Haraway, the compost-ist
In an extremely brief commentary piece, Haraway wrote in 2015 that it mattered what “stories tell stories…concepts think concepts…figures figure figures…systems systematize systems” (160). All these words representing in variation a being(s) constructing things, she points us toward the concrete in each instance. Who is doing what? What power relations are at play? Who is response-able and responsible? This is one instance where she discusses the Chthulucene—remarking that she is not drawing from the racist DH Lawrence narrative (the spelling difference is important for her)—rather, and she acknowledges the imperfection of the Greek root in the use of this word as another example of power, Haraway directs our reading to see the “tentacular” as she calls it. Like the Hydra of myth, the Chthulucene is marked by regenerating limbs and heads that rise one after another when struck down.
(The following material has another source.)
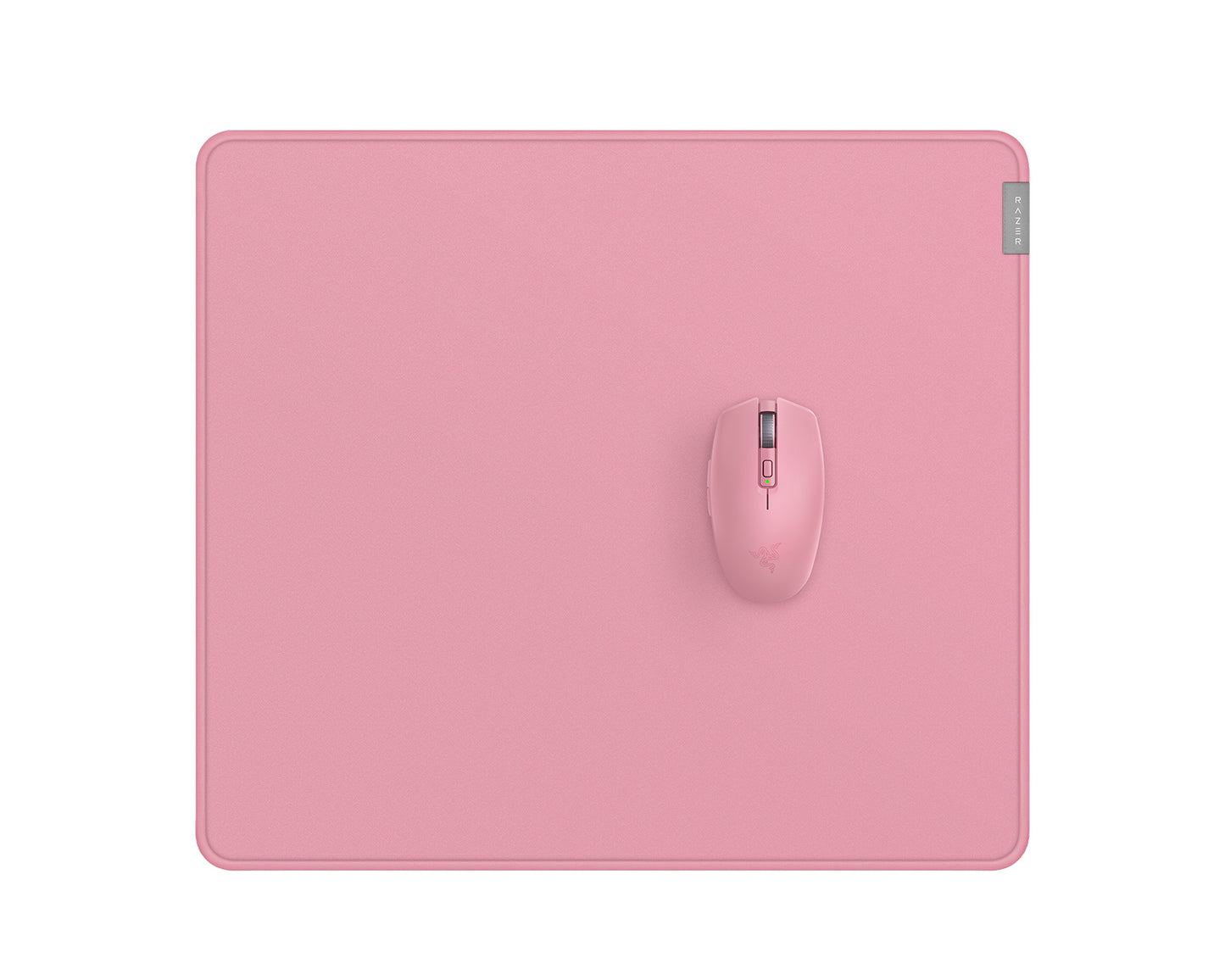 RAZER STRIDER GAMING SURFACE L QUARTZ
She is driving us to focus in the midst of all the many distractions on the world in which and upon which we live. It’s concrete, not transcendental, as Dr. Losh and I discussed. She paraphrases Jason Moore’s argument “that cheap nature is at an end; cheapening nature cannot work much longer to sustain extraction and production in and of the contemporary world because most of the reserves of the earth have been drained, burned, depleted, poisoned, exterminated, and otherwise exhausted” (160). That word, “exhaustion,” arrives at the end with a whoosh. This that precedes it is extensive and specific. These are destructive verbs that delimit how capitalism, imperialism, racism, sexism, ableism, and more -isms have used up the precious and fine plain on which we exist. It’s startling to conceive and consider the extinctions that take place each day without the conscious knowledge of each one of us but of course it occurs. For all its dark humor, the moment when the dolphins fly away in Hitchhiker’s Guide to the Galaxy is a moment not far from us now. The unfortunate fact though is they may spiritually flee but their bodies will likely beach themselves as the oceans acidify.
The horrors are awful and we cannot ignore them. Haraway argues for a way of knowing and being with the natural world that would not ease all these pains but would allow us to maybe exist into the future. Making kin is a solution in that it is a “logical relation” sought not one solely of blood or culture. In fact, she wants us to go beyond the making of people in our lives, the drawing in of others to our spheres. She encourages the making of kin beyond kind, relishing Shakespeare’s pun (161), and this looks like any number of concrete, tactile interactions with one’s world. This isn’t from a “woowoo” attitude to ground oneself, but it is borne of the need to reconnect. The “touch grass” memes on Instagram are not all funny, silly stuff. There is a verisimilitude that so many of us miss and miss out on because of a distinction of ourselves from the earth. The natural aspect of this commentary is so present in the following quote. “I am a compost-ist, not a posthuman-ist: we are all compost, not posthuman” (161). There is room for the spirit in this all I think but Haraway really wants us to understand that we have to touch grass and revive that concrete connection to survive.
All of this is underscored by the presence, existence, and persistence of refugees, those of climate, capitalism, genocide, and so on. I want to wrap up here because her call for making kin means making kin of people unlike yourself. I mean this in the messy way that looks like some hurt white feelings and then some reflection on the part of the white person to not be so thin-skinned or wounded when they are called out for causing strife and pain. We have to learn how to exist in communities of variety because we will depend on it as the century stretches before us and as more folks become the victims of climate change, imperialism, and oligarchy.